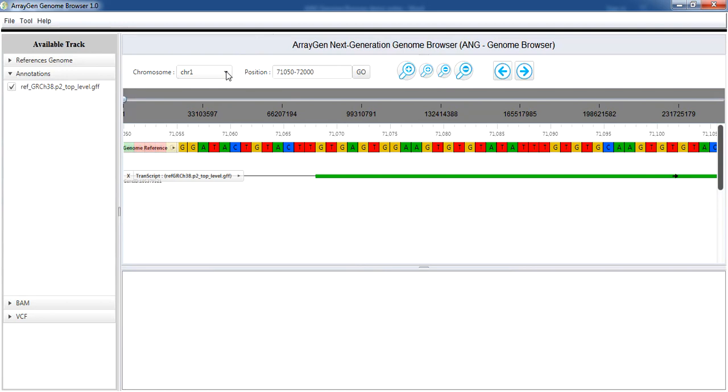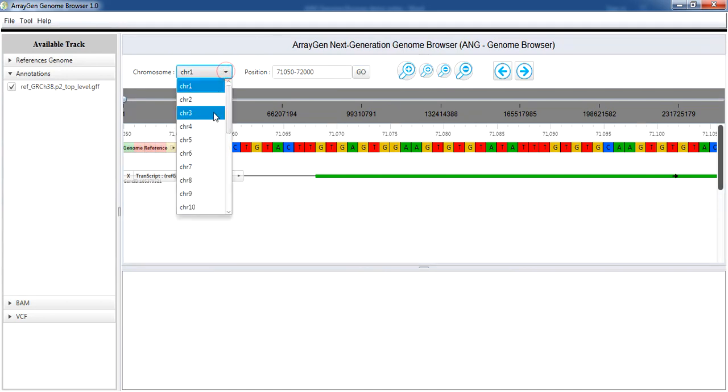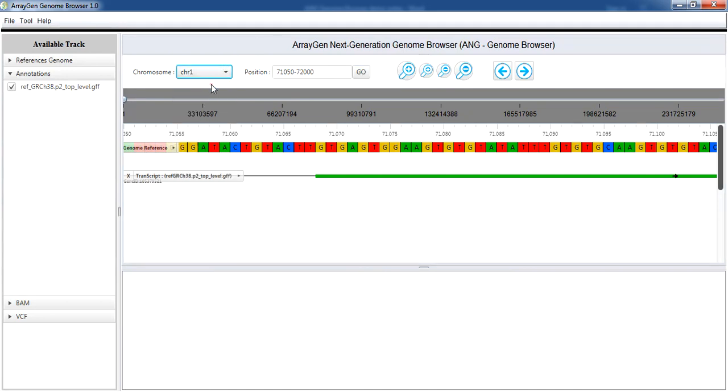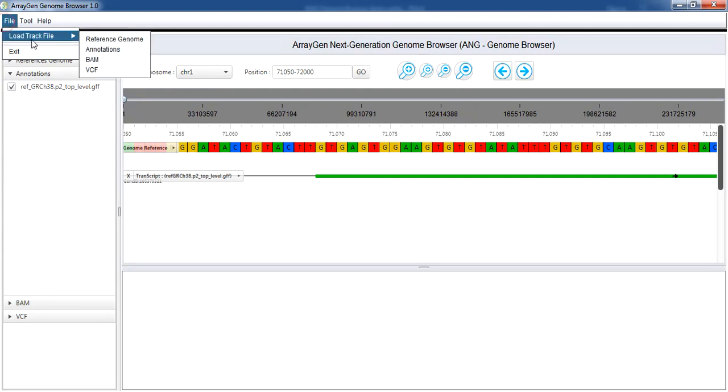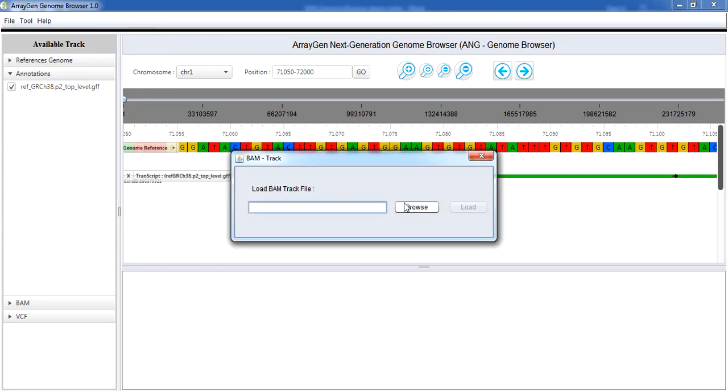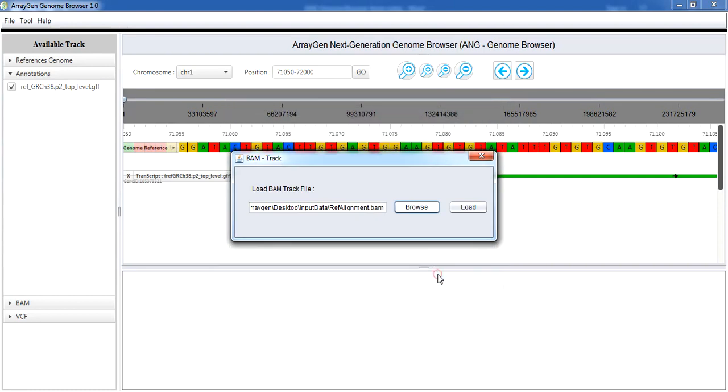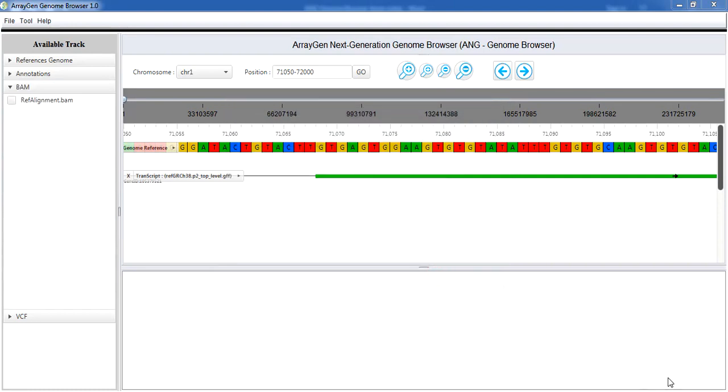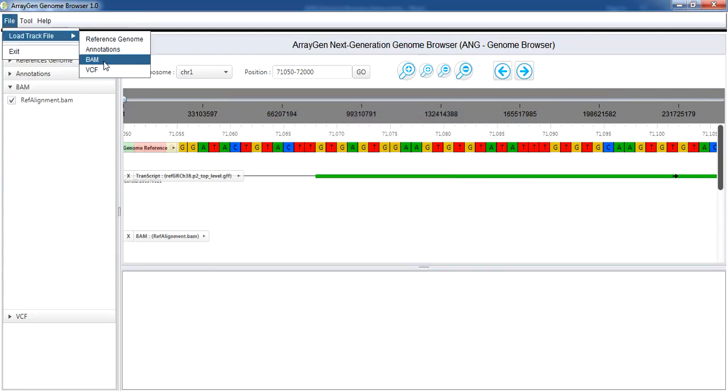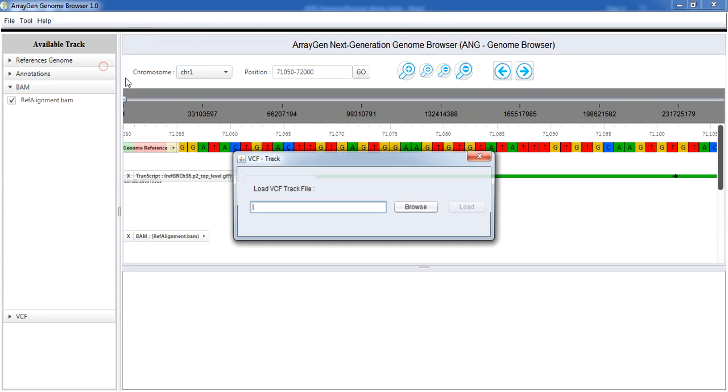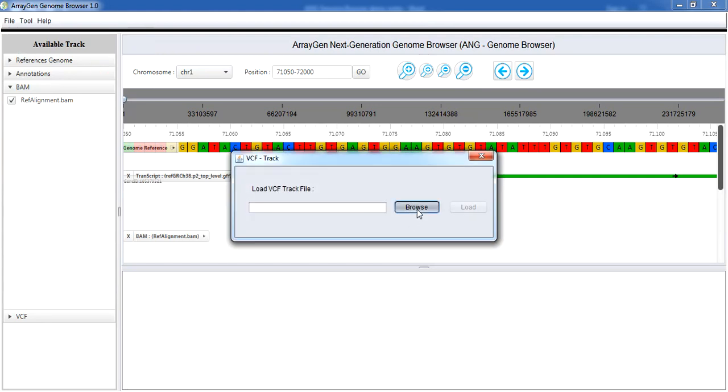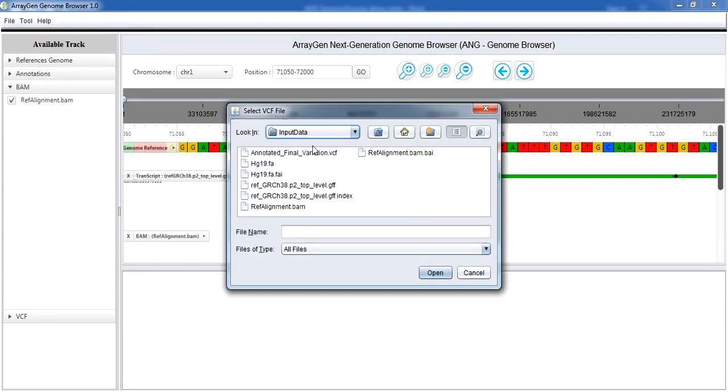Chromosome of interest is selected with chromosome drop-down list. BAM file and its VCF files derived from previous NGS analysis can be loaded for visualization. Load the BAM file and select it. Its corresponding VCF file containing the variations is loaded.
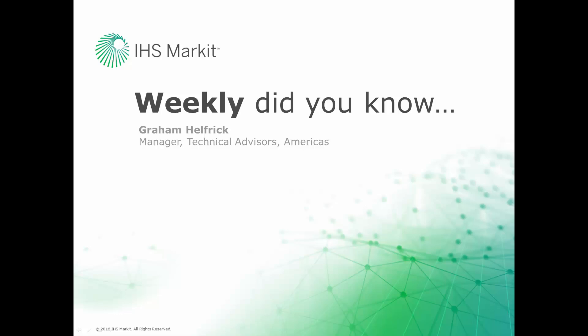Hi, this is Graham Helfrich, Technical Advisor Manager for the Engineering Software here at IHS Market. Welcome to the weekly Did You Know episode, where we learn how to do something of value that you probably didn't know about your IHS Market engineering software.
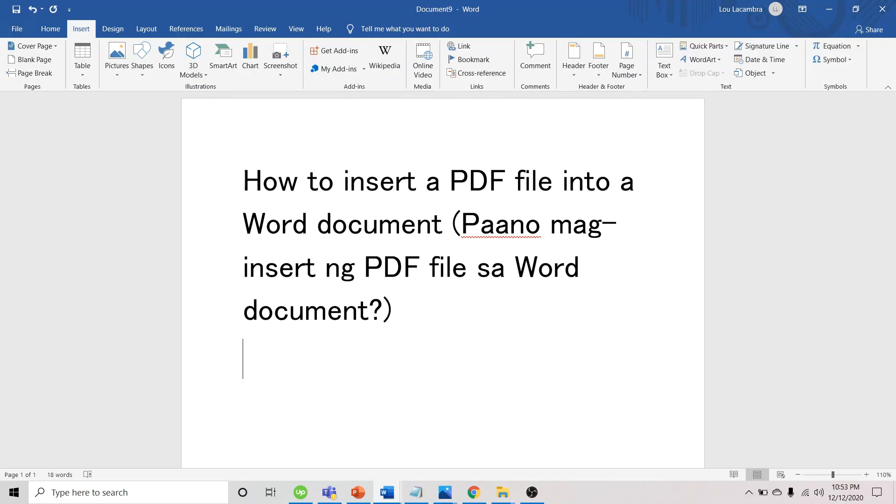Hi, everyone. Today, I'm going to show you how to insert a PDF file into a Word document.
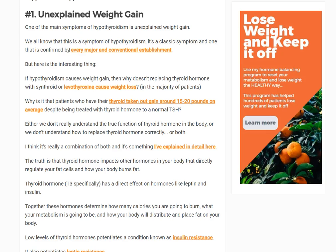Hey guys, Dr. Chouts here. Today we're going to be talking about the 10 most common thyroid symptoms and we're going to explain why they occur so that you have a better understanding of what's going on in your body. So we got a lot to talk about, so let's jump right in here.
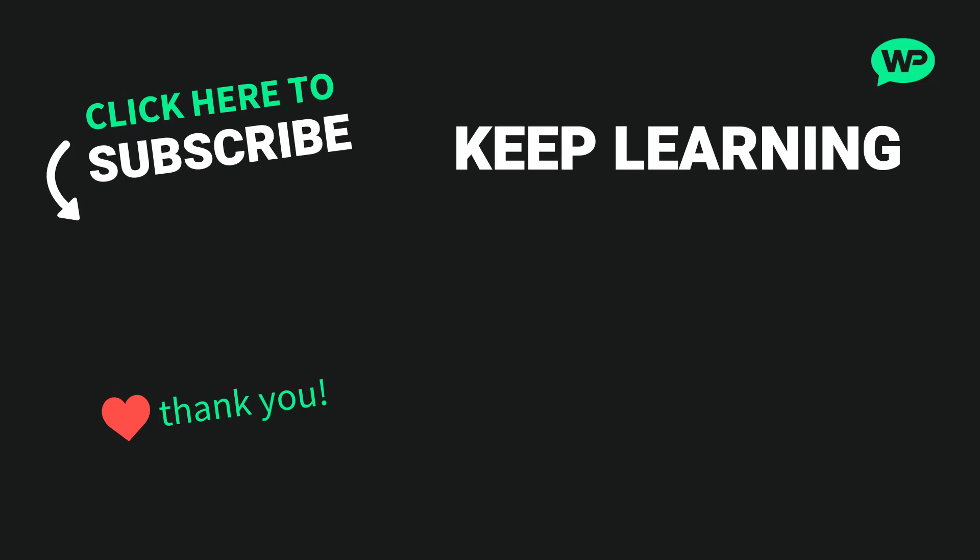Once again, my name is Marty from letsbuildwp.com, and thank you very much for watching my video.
----------
#### EXERCISE GOAL
Only the text of the records above, copied exactly, should be returned; the pictures stay out.

#### THE COMPLETED TASK
Chromosome of interest is selected with chromosome drop-down list. BAM file and its VCF files derived from previous NGS analysis can be loaded for visualization. Load the BAM file and select it. Its corresponding VCF file containing the variations is loaded.
Hi, this is Graham Helfrich, Technical Advisor Manager for the Engineering Software here at IHS Market. Welcome to the weekly Did You Know episode, where we learn how to do something of value that you probably didn't know about your IHS Market engineering software.
Hi, everyone. Today, I'm going to show you how to insert a PDF file into a Word document.
Hey guys, Dr. Chouts here. Today we're going to be talking about the 10 most common thyroid symptoms and we're going to explain why they occur so that you have a better understanding of what's going on in your body. So we got a lot to talk about, so let's jump right in here.
Once again, my name is Marty from letsbuildwp.com, and thank you very much for watching my video.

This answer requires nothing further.